MATERIAL SHOWN:
★ ★ ★ ★
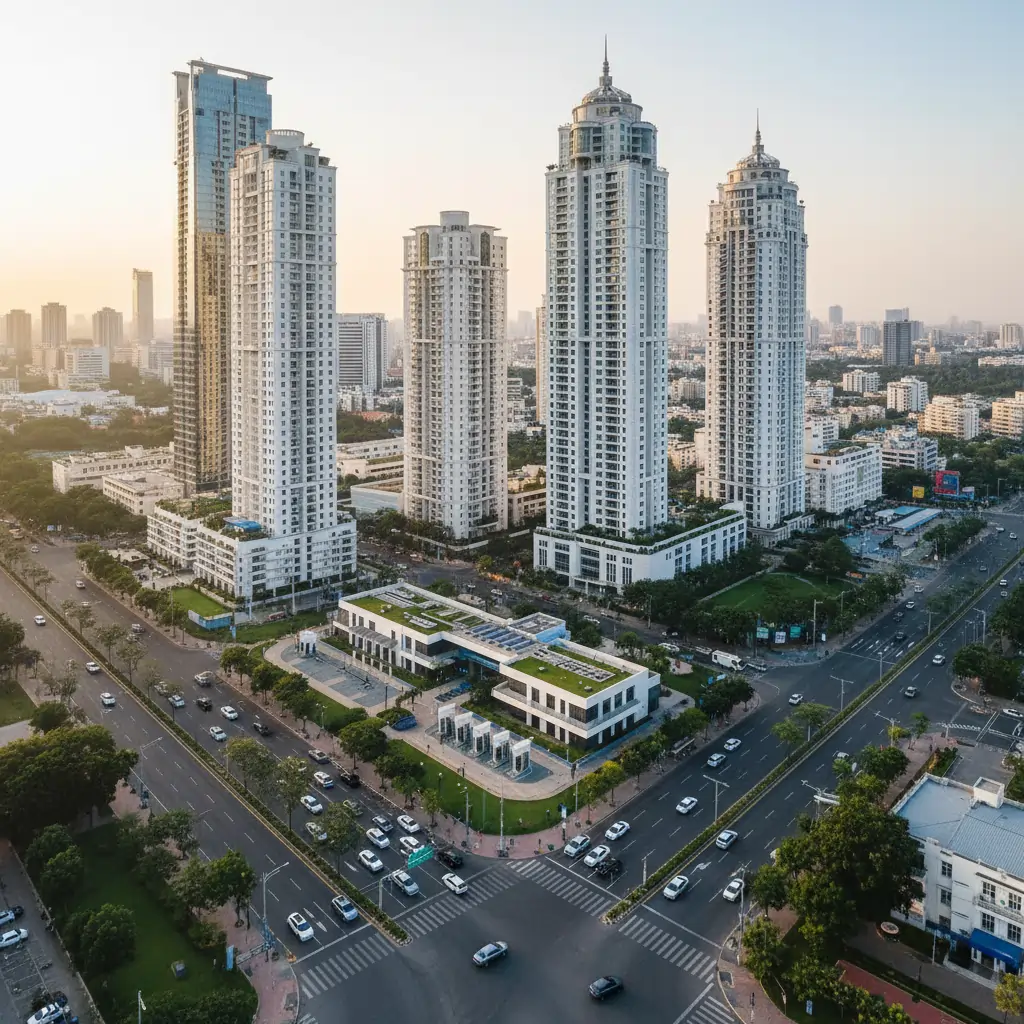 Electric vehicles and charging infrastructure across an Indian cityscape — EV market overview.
★ ★ ★ ★
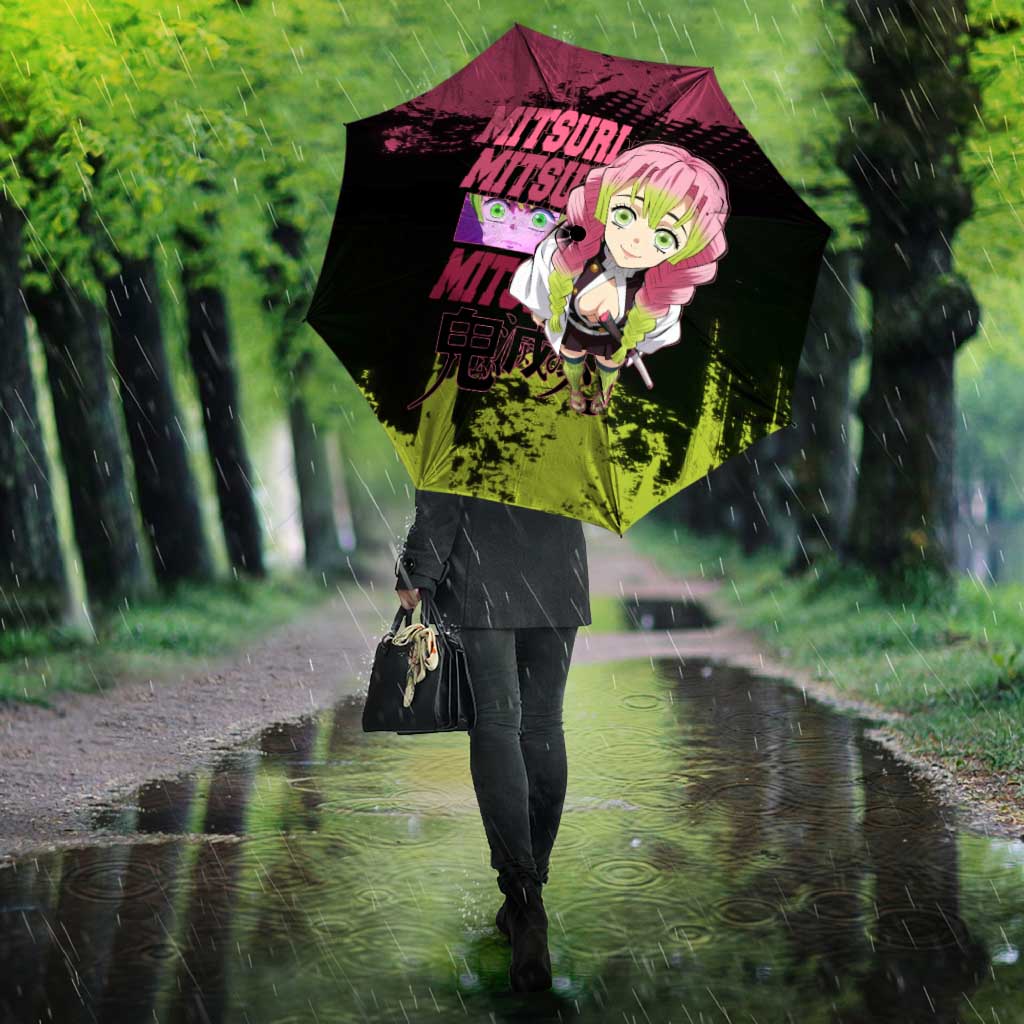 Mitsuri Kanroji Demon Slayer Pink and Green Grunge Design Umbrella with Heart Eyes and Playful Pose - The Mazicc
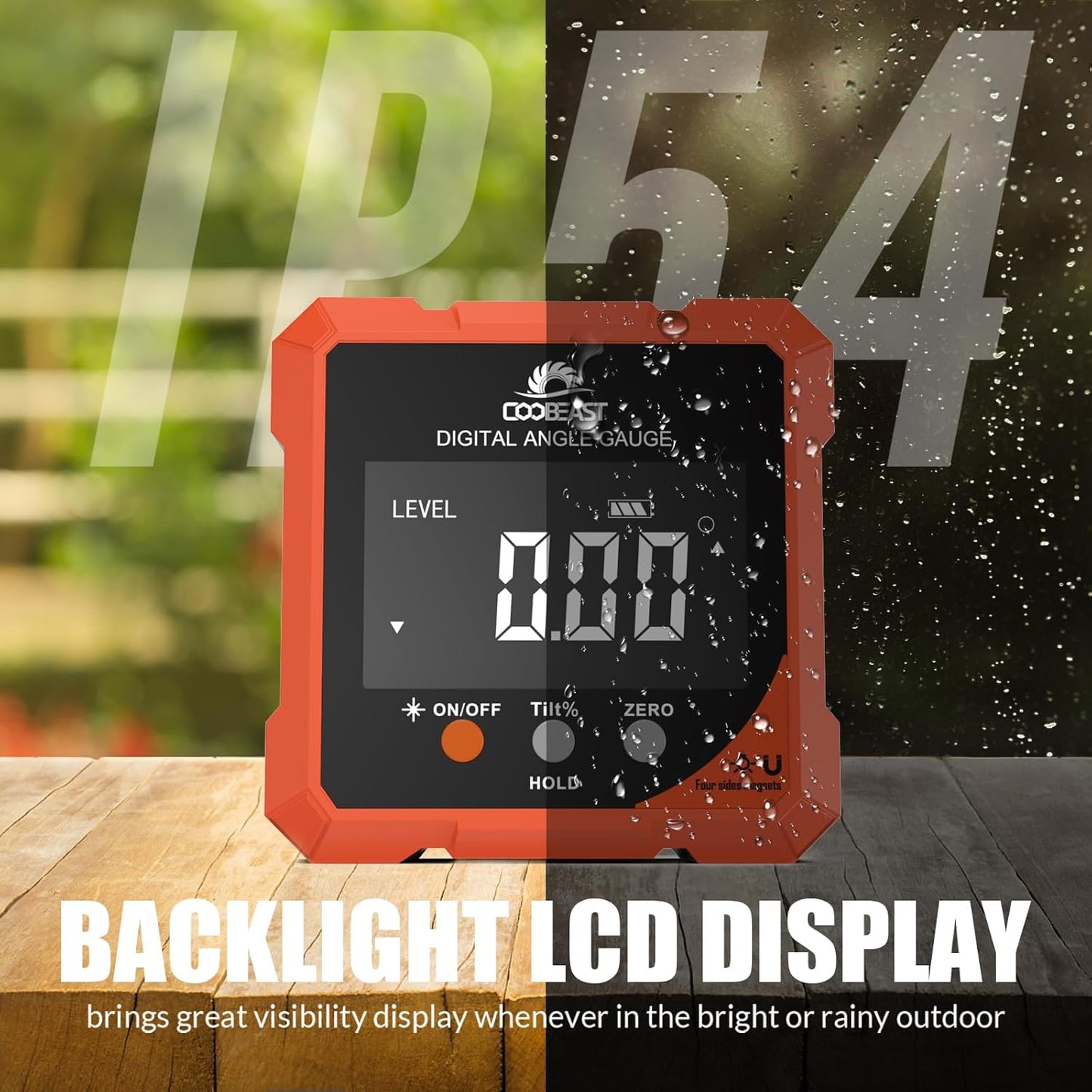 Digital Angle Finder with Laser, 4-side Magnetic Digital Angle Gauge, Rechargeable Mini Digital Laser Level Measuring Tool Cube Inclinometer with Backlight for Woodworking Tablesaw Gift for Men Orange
★ ★ ★ ★
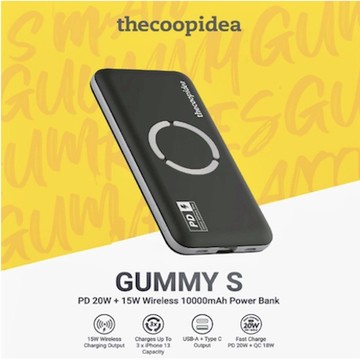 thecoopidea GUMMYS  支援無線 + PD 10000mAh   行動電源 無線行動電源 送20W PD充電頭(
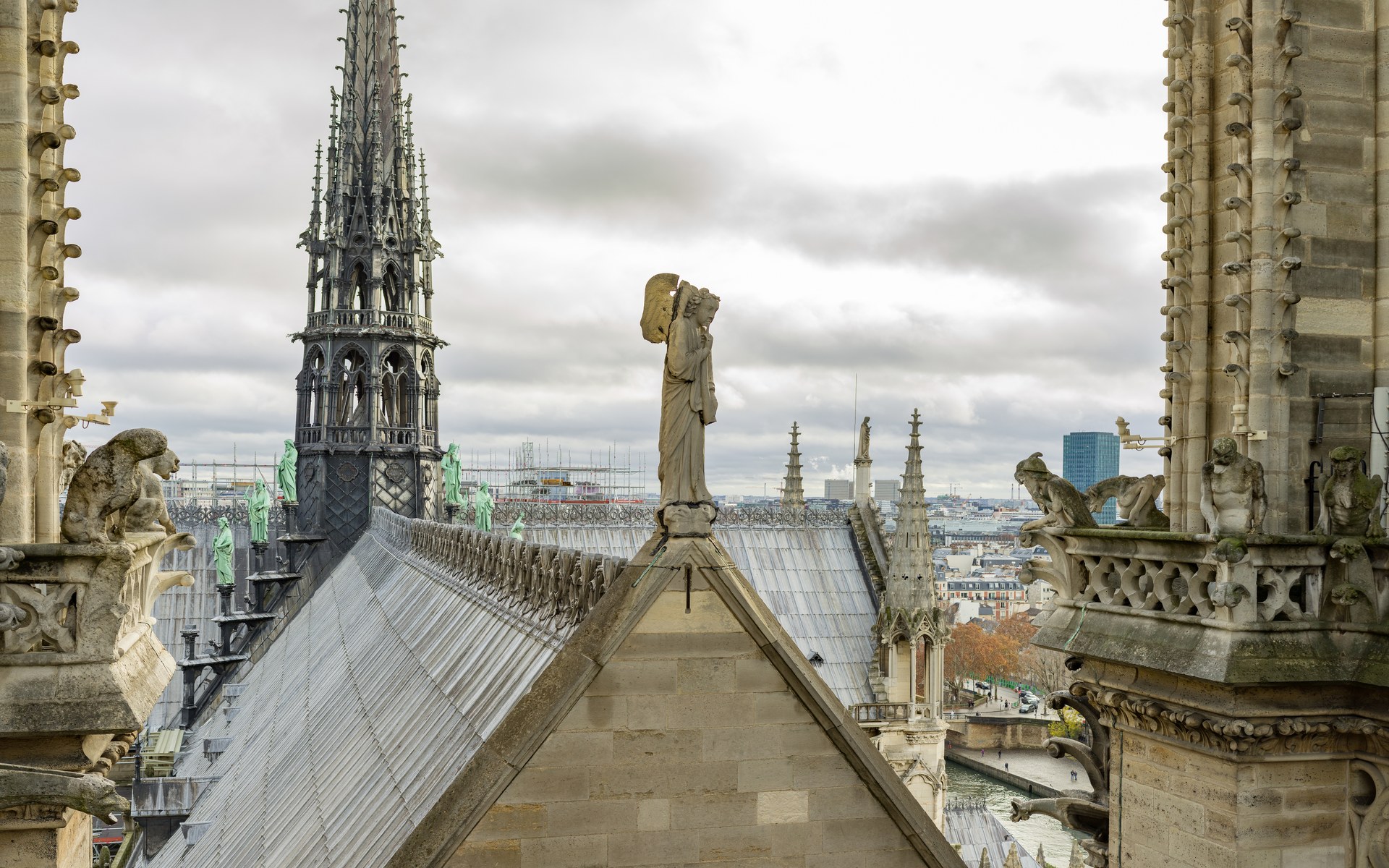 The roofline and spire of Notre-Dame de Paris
★ ★ ★ ★
TASK OBJECTIVE:
Every line above from the one with "Mitsuri Kanroji Demon" down to the one with "Digital Angle Finder" must be written out exactly, and no picture may appear.

ANSWER FOR THIS EXERCISE:
 Mitsuri Kanroji Demon Slayer Pink and Green Grunge Design Umbrella with Heart Eyes and Playful Pose - The Mazicc
 Digital Angle Finder with Laser, 4-side Magnetic Digital Angle Gauge, Rechargeable Mini Digital Laser Level Measuring Tool Cube Inclinometer with Backlight for Woodworking Tablesaw Gift for Men Orange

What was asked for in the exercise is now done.